Alcock v. . Davitt

179 N.Y. 9 | NY | 1904

The action was brought to foreclose a mortgage given by Thomas Weaver, since deceased, to secure the payment of one thousand dollars. The appellant was a judgment creditor of the mortgagor and owner of the equity of redemption. He recovered his judgment subsequent to the mortgage on a claim arising before that time. He was made a party defendant to the foreclosure, and answered, alleging that the mortgage was given without consideration and for the purpose of defrauding the creditors of the mortgagor. The issues in the action were referred to a referee, who reported in favor of the plaintiff, and the judgment entered on such report has been unanimously affirmed by the Appellate Division.
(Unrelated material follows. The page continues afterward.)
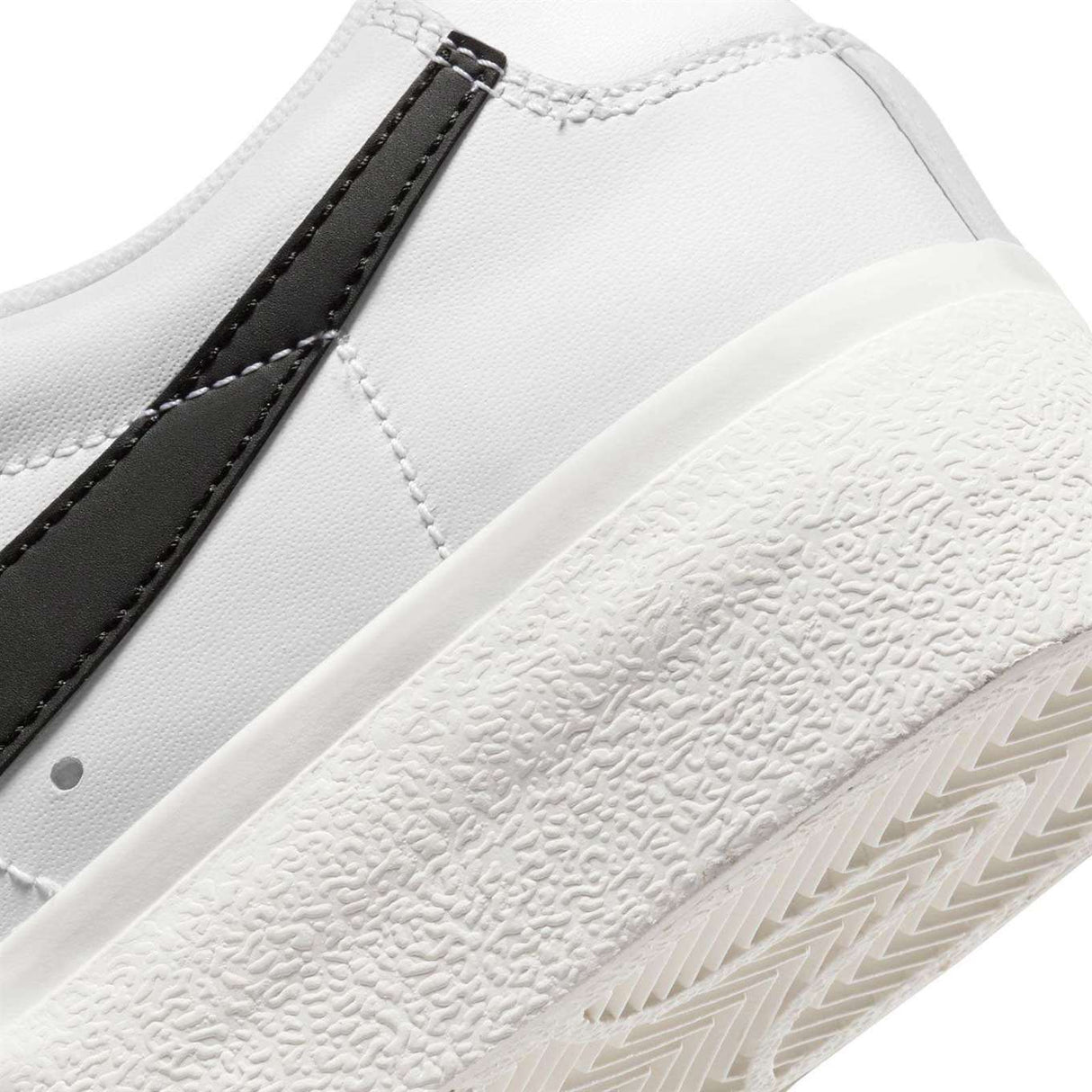 Nike Blazer Low Platform Wmns White/Blk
By reason of the unanimous affirmance, the findings of fact made by the referee are conclusive upon us, and the only questions presented on this appeal are whether such findings support the judgment and whether errors were committed in rulings upon evidence. The great embarrassment in this case arises from the peculiar character of the findings made by the referee. It is by no means certain what he intended to find. The issue presented by the pleadings and litigated before the referee was whether there was any consideration for a mortgage or not. The only finding of fact so denominated by the referee on this issue is: "3. I further find and decide that at the time of the execution of the said bond and mortgage, as aforesaid, no money passed from the said mortgagee to the said mortgagor as a consideration for said mortgage, and during one year prior to the execution of said mortgage the said mortgagee did not have in any bank or about his person or elsewhere any sum of money exceeding $50.00 at any one time, and no consideration for such mortgage passed from the said mortgagee to the said mortgagor within one year prior to the execution of said mortgage." The first part of the *12 finding deals merely with matters of evidence which have no proper place in a finding. The remainder is substantially a finding that there was no consideration given for the mortgage either at the time of its execution or for a year previous to that time. There is, however, no suggestion in the report that any consideration for the mortgage was advanced at any other time. What is the presumption to be drawn from such finding in the absence of any finding that a consideration for the mortgage was given at some other period? Is it the natural presumption from the facts found in the absence of evidence to the contrary that the mortgage was without consideration? This question we do not intend to answer. Whatever presumption there may be in the premises is a presumption of fact, not of law, and it is questions of law only that this court can review. The result is that we have a report before us which fails to determine the vital question of fact on which the whole controversy and the rights of the parties depend, and a judgment entered on such a report cannot be sustained.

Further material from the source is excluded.